-- Entries shown --
......
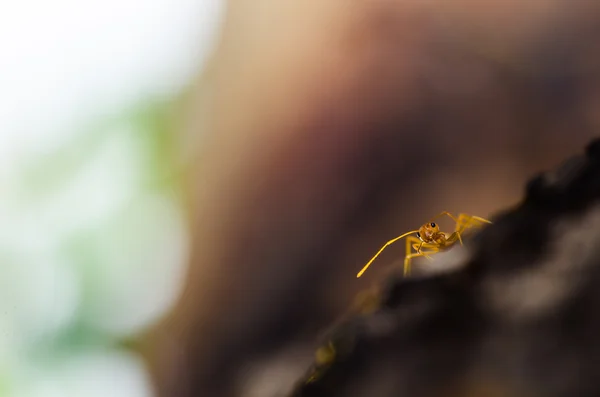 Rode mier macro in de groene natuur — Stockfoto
......
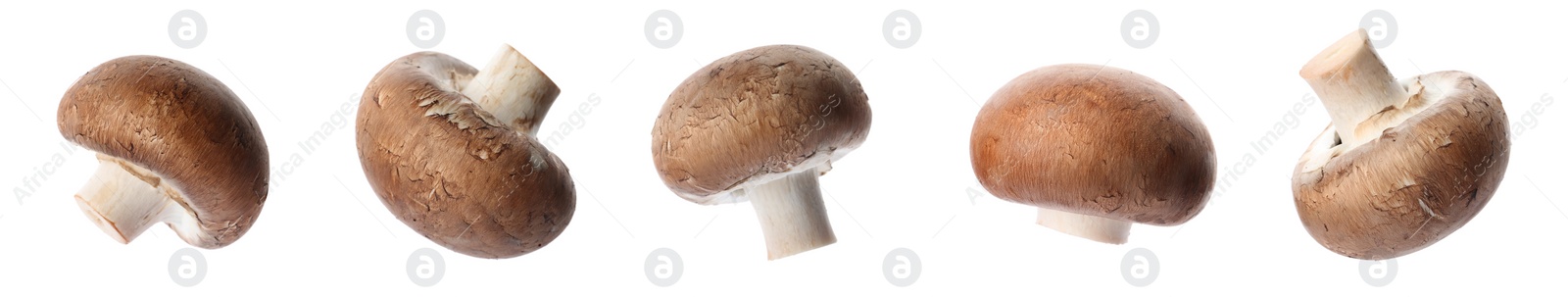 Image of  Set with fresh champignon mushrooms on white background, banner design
......
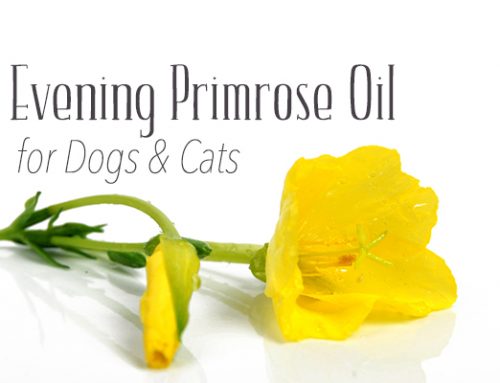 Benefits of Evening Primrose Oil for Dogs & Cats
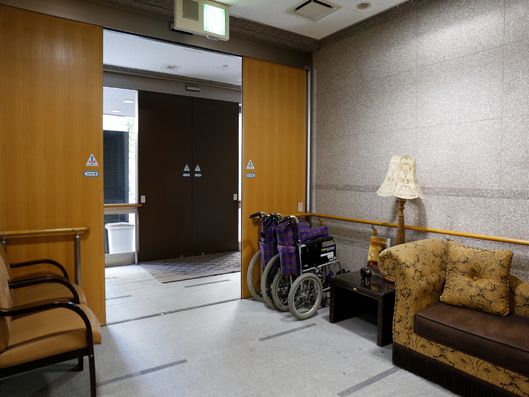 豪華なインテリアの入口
......
Taking the material above, give again exactly the lines from the one holding "Benefits of Evening" through the one holding "豪華なインテリアの入口", with both ends and without pictures.

-- Worked solution --
 Benefits of Evening Primrose Oil for Dogs & Cats
 豪華なインテリアの入口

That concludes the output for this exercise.